タイトル
企業間信頼の構築:トヨタのケース

要旨

 国際競争力があるとされる日本の自動車メーカーの中でも、トヨタ自動車は最も競争力があるといわれている。本稿では、トヨタとその他の日本自動車メーカーを区分し、その取引相手であるサプライヤーに注目して、企業間の信頼と取引関係の構成要素という視点から考察した。検証には、1999年に行った質問票調査により得られたデータを使用した。まず、企業間の信頼では、トヨタを最大の顧客とするサプライヤー(トヨタ・サプライヤー)の方が、トヨタ以外のメーカーを最大顧客とするサプライヤー(トヨタ以外・サプライヤー)よりも、各々の顧客に対して高い期待を抱いていることが明らかになった。次に、取引関係における、組織間学習の成果、相互人員派遣、協力会と自主研・研究会、協調性とパワーの直接行使、信頼担保メカニズム、取引期間と経験について、2つのサプライヤー群に差異があるのかどうか検討した。
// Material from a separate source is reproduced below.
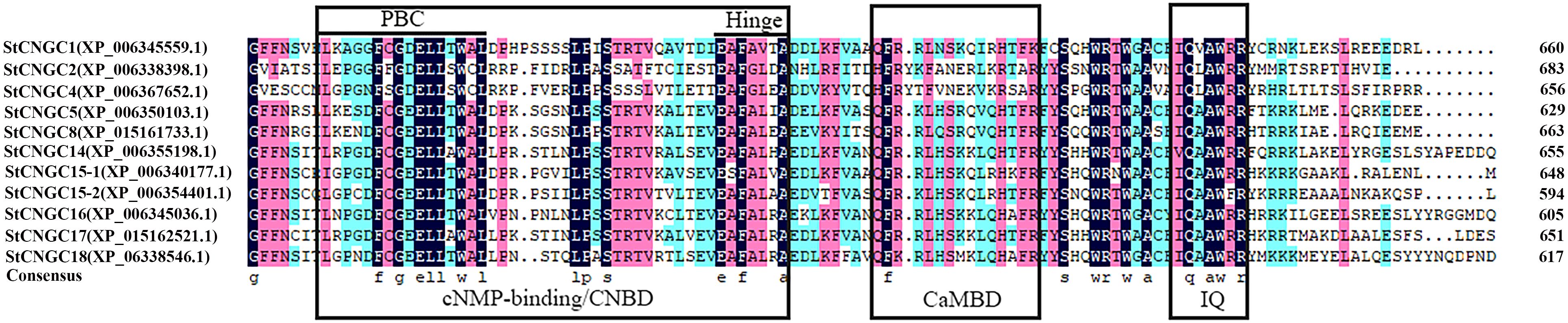 Sequence alignment of several StCNGC proteins shown with color-coded residues, highlighting specific domains: PBC, Hinge, cNMP-binding/CNBD, CaMBD, and IQ. Protein names, accession numbers, and consensus sequence are listed on the left, with sequence positions noted on the right.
統計的に差異が認められたのは、アセンブラからの学習、相互人員派遣、自主研年数、取引期間、経験(対応能力)である。しかしながら、平均データの数字上は、上記全てにおいてトヨタ・サプライヤーの方がトヨタ以外・サプライヤーを上回っていた。このように、トヨタは優れた取引システムとともに、サプライヤーとの高い企業間信頼を構築しているという示唆が得られた。